Only the lines below from the one containing "Regency Dining Chairs" through the one containing "Cornered on Saturday May 6, 2017 Comic Strip" belong in the answer, set down exactly, with the pictures left out.

▶ [Information given]
*** Block opens ***

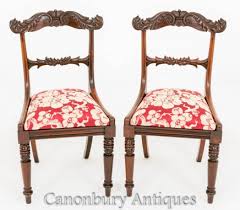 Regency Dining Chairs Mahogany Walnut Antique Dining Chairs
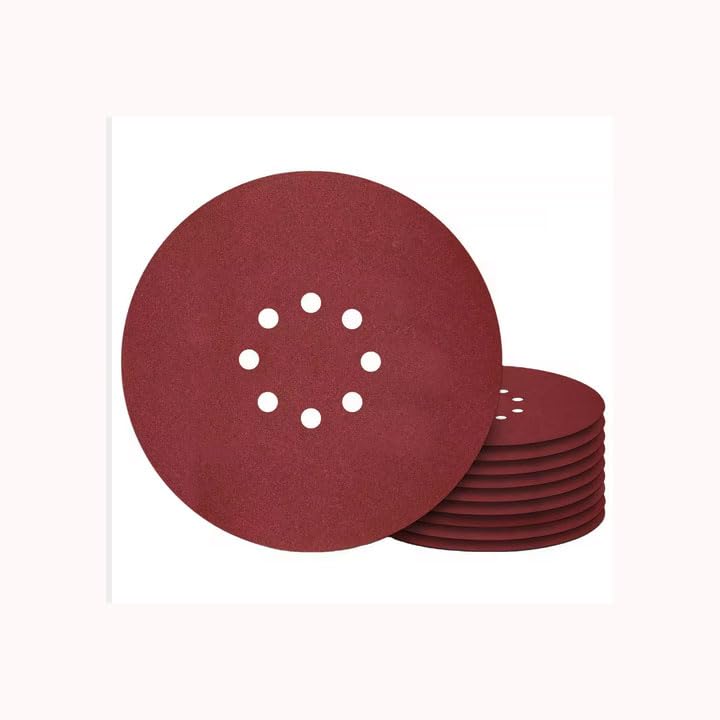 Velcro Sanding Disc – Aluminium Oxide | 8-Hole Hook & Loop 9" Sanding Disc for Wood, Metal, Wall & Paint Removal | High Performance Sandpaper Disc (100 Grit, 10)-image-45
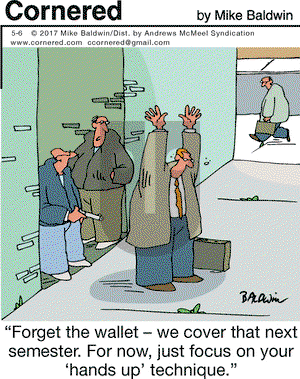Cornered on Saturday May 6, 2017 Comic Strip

*** Block closes ***
*** Block opens ***

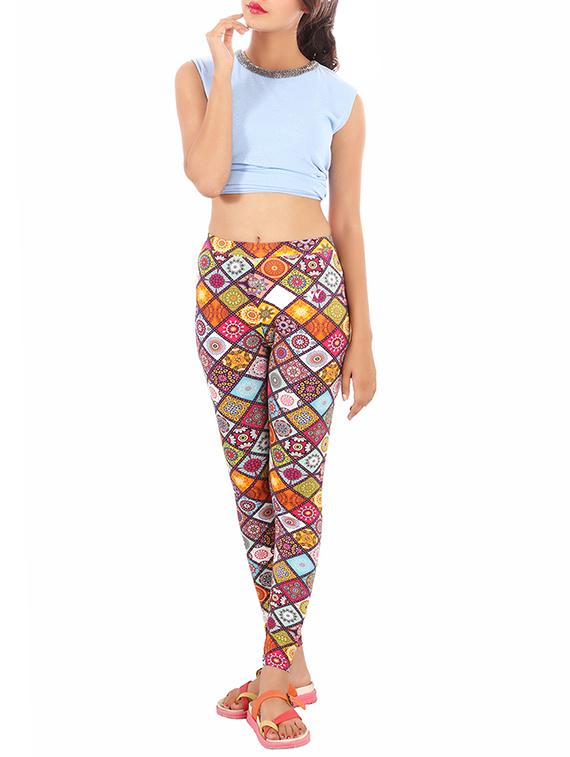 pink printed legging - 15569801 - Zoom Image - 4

*** Block closes ***
*** Block opens ***

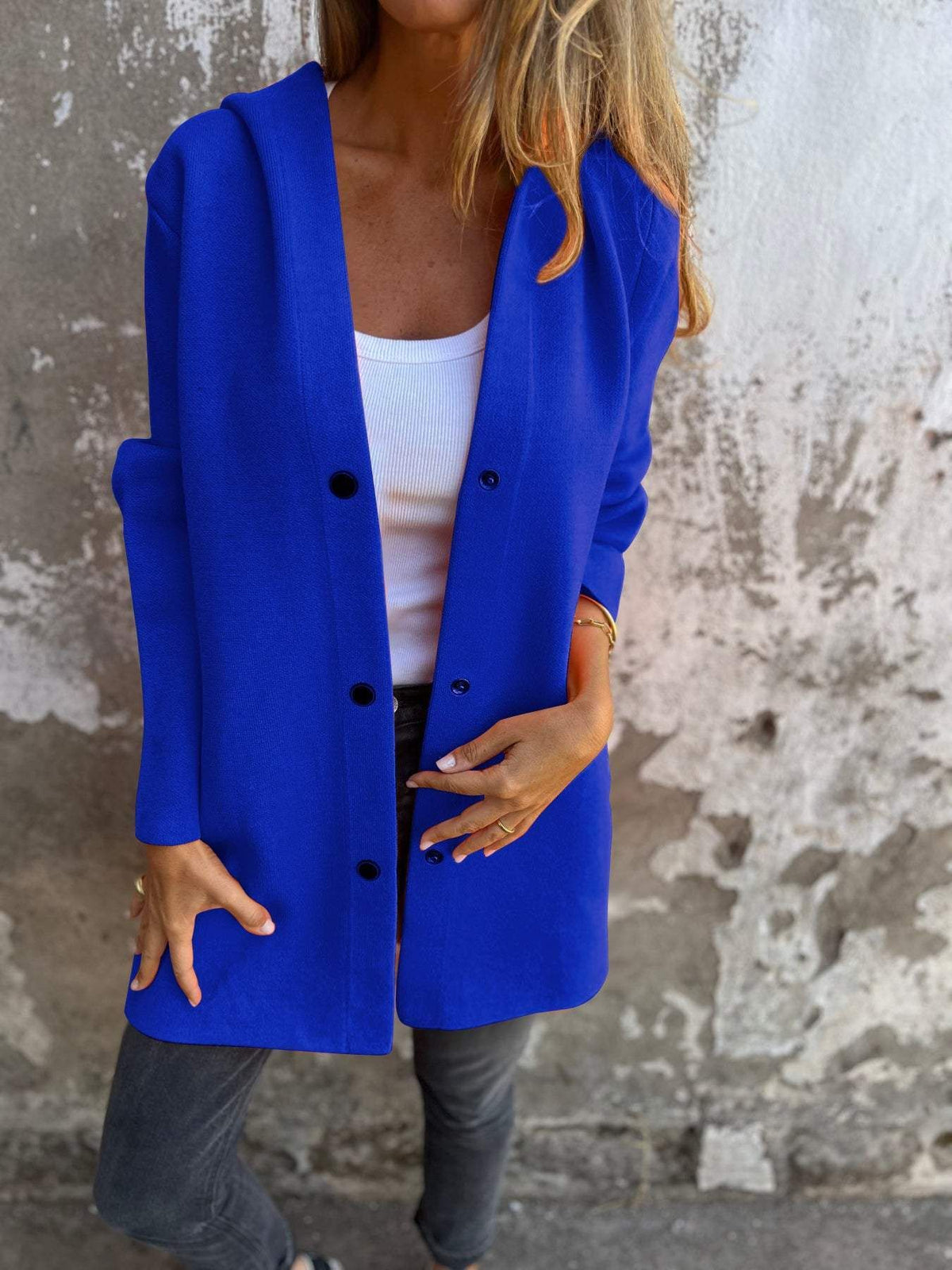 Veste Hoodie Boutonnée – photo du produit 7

*** Block closes ***

▶ [Written solution]
 Regency Dining Chairs Mahogany Walnut Antique Dining Chairs
 Velcro Sanding Disc – Aluminium Oxide | 8-Hole Hook & Loop 9" Sanding Disc for Wood, Metal, Wall & Paint Removal | High Performance Sandpaper Disc (100 Grit, 10)-image-45
Cornered on Saturday May 6, 2017 Comic Strip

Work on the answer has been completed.